Day 3 of Gwen Bell’s December blogging challenge:  Best Article '09



The earth is sacred.  I remember this when I'm standing on the street at dawn under a Bradford pear tree bursting with birdsong as the sky slowly turns from silver to peach or I'm watching a rose bloom in the snow.

But what about when I'm running late for someplace, talking on my cell phone in the back of a fossil fueled cab?  Do I remember then?  When my life seems to be speeding out in front of me, racing away from the natural world, sometimes a dramatic reminder of the profound beauty and alchemical power our earth possesses can bring me back into a state of wonder.

This really exists:  Golden silk threads that are 5 to 6 times stronger than steel and as soft as cashmere, created by large spiders in Madagascar.  The shimmering golden silk would make Rumpelstiltskin proud.  Scientists have been trying to emulate the material for use in NASA, and have failed to be able to do it thus far. 

Fishermen in Madagascar have been using the thread to weave simple nets for centuries, but the silk webbing is too time consuming to extract (painlessly and harmlessly) from the spiders to consider using it commercially. 

Still, two European men became obsessed with the idea of weaving with this spider silk and, with local women doing most of the real labor, they spent 5 years creating a large tapestry, which is now on display at the American Museum of Natural History in New York City until February ‘10. 

The men spent half a million dollars of their own money to do it.  They were called crazy.  Maybe they are.  But it is a crazy that I understand.  To me, the tapestry is like a visual poem, a ballad from and to the earth.  It is singing, ‘Look how amazing the earth is, the creatures of the earth!  Just look!’  It takes my breath away.

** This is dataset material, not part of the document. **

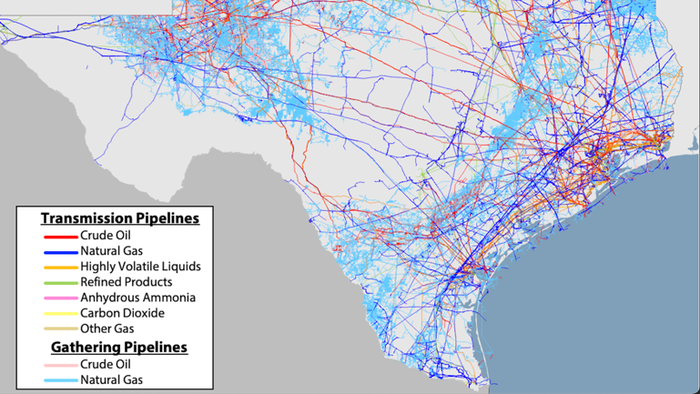 NextImg:Texas Crude Oil Pipelines Near Full Capacity, Potential Export Constraints Near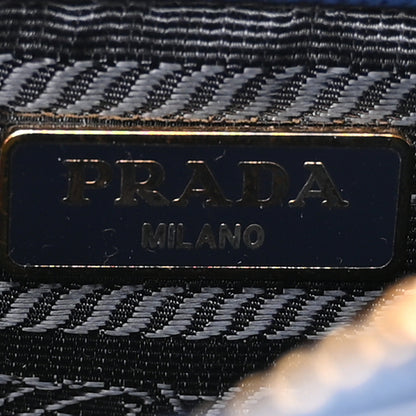 Prada Saffiano Mini Camera Crossbody Bag Azzurro 6 of 12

Here's the link to the fascinating New York Times article that inspired me trek to the museum and then wade through all of those old dioramas to see it for myself.    http://www.nytimes.com/2009/09/23/arts/design/23spiders.html

1 comment:

healingturtle said...

Beautiful tapestry. Amazing feat of human & nature collaboration. The trick is as you said how to stay present, centered, mindful & aware in those when we're in a rush & everything else seems to disappear.